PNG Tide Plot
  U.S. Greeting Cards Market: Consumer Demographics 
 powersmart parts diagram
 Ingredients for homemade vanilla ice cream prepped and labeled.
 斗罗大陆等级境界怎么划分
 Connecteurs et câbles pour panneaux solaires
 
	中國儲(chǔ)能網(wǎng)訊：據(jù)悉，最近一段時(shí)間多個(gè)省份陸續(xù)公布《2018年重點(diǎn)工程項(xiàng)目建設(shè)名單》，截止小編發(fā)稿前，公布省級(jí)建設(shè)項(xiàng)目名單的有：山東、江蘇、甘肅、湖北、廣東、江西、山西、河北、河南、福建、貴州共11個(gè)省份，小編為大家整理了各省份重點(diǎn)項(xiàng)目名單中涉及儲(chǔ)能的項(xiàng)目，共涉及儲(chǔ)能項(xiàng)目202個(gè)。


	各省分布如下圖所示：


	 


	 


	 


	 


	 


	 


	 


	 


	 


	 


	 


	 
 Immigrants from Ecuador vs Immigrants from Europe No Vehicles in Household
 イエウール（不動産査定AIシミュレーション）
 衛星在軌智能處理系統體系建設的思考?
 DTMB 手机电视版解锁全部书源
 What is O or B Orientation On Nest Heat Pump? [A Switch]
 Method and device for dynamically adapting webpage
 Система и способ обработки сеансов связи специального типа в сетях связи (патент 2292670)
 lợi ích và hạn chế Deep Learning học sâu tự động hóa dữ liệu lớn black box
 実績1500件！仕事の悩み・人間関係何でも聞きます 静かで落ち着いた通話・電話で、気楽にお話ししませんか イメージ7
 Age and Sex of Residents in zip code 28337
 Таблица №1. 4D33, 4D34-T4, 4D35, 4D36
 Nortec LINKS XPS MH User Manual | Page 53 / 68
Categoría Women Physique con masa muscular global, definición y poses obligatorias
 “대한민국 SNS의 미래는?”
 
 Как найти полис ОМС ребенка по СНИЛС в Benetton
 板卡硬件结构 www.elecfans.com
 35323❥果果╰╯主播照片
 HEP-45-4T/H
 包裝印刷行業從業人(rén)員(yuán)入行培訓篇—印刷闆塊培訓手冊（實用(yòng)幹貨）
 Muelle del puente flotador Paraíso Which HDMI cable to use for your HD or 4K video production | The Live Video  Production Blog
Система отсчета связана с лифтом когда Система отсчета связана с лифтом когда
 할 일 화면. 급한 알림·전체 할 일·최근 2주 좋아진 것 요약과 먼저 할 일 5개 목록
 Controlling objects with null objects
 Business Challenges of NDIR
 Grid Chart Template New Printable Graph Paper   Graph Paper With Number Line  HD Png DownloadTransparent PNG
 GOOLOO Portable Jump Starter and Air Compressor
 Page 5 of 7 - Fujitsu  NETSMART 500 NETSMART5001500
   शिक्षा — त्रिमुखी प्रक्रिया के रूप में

▬▬▬▬▬▬

▶ **What the task requires**
Reproduce all of the records exactly.

▶ **Answer space**
PNG Tide Plot
  U.S. Greeting Cards Market: Consumer Demographics 
 powersmart parts diagram
 Ingredients for homemade vanilla ice cream prepped and labeled.
 斗罗大陆等级境界怎么划分
 Connecteurs et câbles pour panneaux solaires
 
	中國儲(chǔ)能網(wǎng)訊：據(jù)悉，最近一段時(shí)間多個(gè)省份陸續(xù)公布《2018年重點(diǎn)工程項(xiàng)目建設(shè)名單》，截止小編發(fā)稿前，公布省級(jí)建設(shè)項(xiàng)目名單的有：山東、江蘇、甘肅、湖北、廣東、江西、山西、河北、河南、福建、貴州共11個(gè)省份，小編為大家整理了各省份重點(diǎn)項(xiàng)目名單中涉及儲(chǔ)能的項(xiàng)目，共涉及儲(chǔ)能項(xiàng)目202個(gè)。


	各省分布如下圖所示：


	 


	 


	 


	 


	 


	 


	 


	 


	 


	 


	 


	 
 Immigrants from Ecuador vs Immigrants from Europe No Vehicles in Household
 イエウール（不動産査定AIシミュレーション）
 衛星在軌智能處理系統體系建設的思考?
 DTMB 手机电视版解锁全部书源
 What is O or B Orientation On Nest Heat Pump? [A Switch]
 Method and device for dynamically adapting webpage
 Система и способ обработки сеансов связи специального типа в сетях связи (патент 2292670)
 lợi ích và hạn chế Deep Learning học sâu tự động hóa dữ liệu lớn black box
 実績1500件！仕事の悩み・人間関係何でも聞きます 静かで落ち着いた通話・電話で、気楽にお話ししませんか イメージ7
 Age and Sex of Residents in zip code 28337
 Таблица №1. 4D33, 4D34-T4, 4D35, 4D36
 Nortec LINKS XPS MH User Manual | Page 53 / 68
Categoría Women Physique con masa muscular global, definición y poses obligatorias
 “대한민국 SNS의 미래는?”
 
 Как найти полис ОМС ребенка по СНИЛС в Benetton
 板卡硬件结构 www.elecfans.com
 35323❥果果╰╯主播照片
 HEP-45-4T/H
 包裝印刷行業從業人(rén)員(yuán)入行培訓篇—印刷闆塊培訓手冊（實用(yòng)幹貨）
 Muelle del puente flotador Paraíso Which HDMI cable to use for your HD or 4K video production | The Live Video  Production Blog
Система отсчета связана с лифтом когда Система отсчета связана с лифтом когда
 할 일 화면. 급한 알림·전체 할 일·최근 2주 좋아진 것 요약과 먼저 할 일 5개 목록
 Controlling objects with null objects
 Business Challenges of NDIR
 Grid Chart Template New Printable Graph Paper   Graph Paper With Number Line  HD Png DownloadTransparent PNG
 GOOLOO Portable Jump Starter and Air Compressor
 Page 5 of 7 - Fujitsu  NETSMART 500 NETSMART5001500
   शिक्षा — त्रिमुखी प्रक्रिया के रूप में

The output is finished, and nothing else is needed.